• _Work required_: Each line of the listing, apart from the pictures, is to be printed exactly.

• _Given material_:

= Beginning of Section =

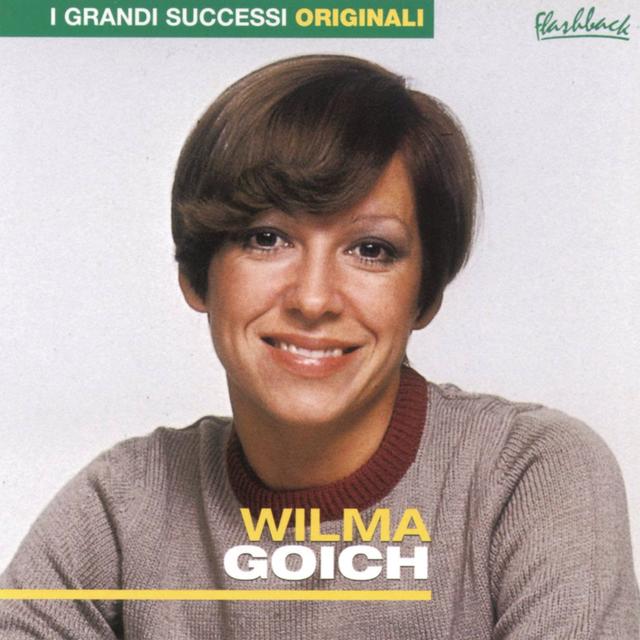 Album cover art for Wilma Goich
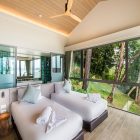 Eagle's Nest Koh Yao Noi Twin Bedroom | Natai, Phang Nga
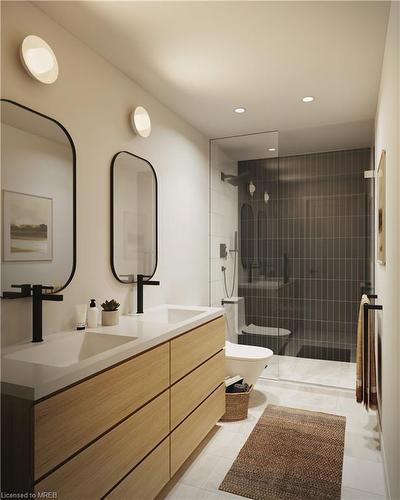 Jackson Suite Mary Joanne Drive, Calabogie, ON - Indoor Photo Showing Bathroom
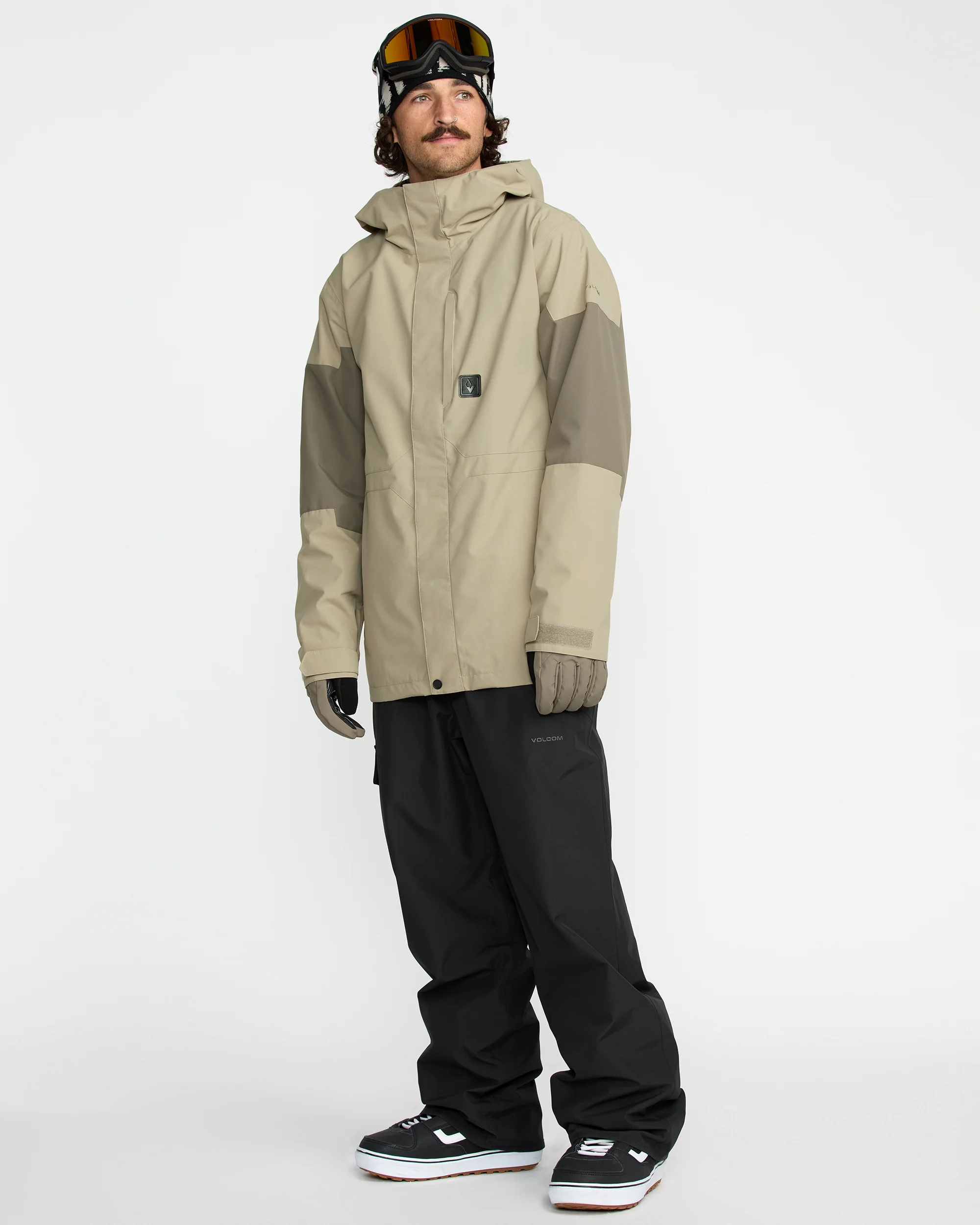 Volcom Primry Insulated Jacket - People Skate and Snowboard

= End of Section =

• _Problem solution_:
 Album cover art for Wilma Goich
 Eagle's Nest Koh Yao Noi Twin Bedroom | Natai, Phang Nga
 Jackson Suite Mary Joanne Drive, Calabogie, ON - Indoor Photo Showing Bathroom
 Volcom Primry Insulated Jacket - People Skate and Snowboard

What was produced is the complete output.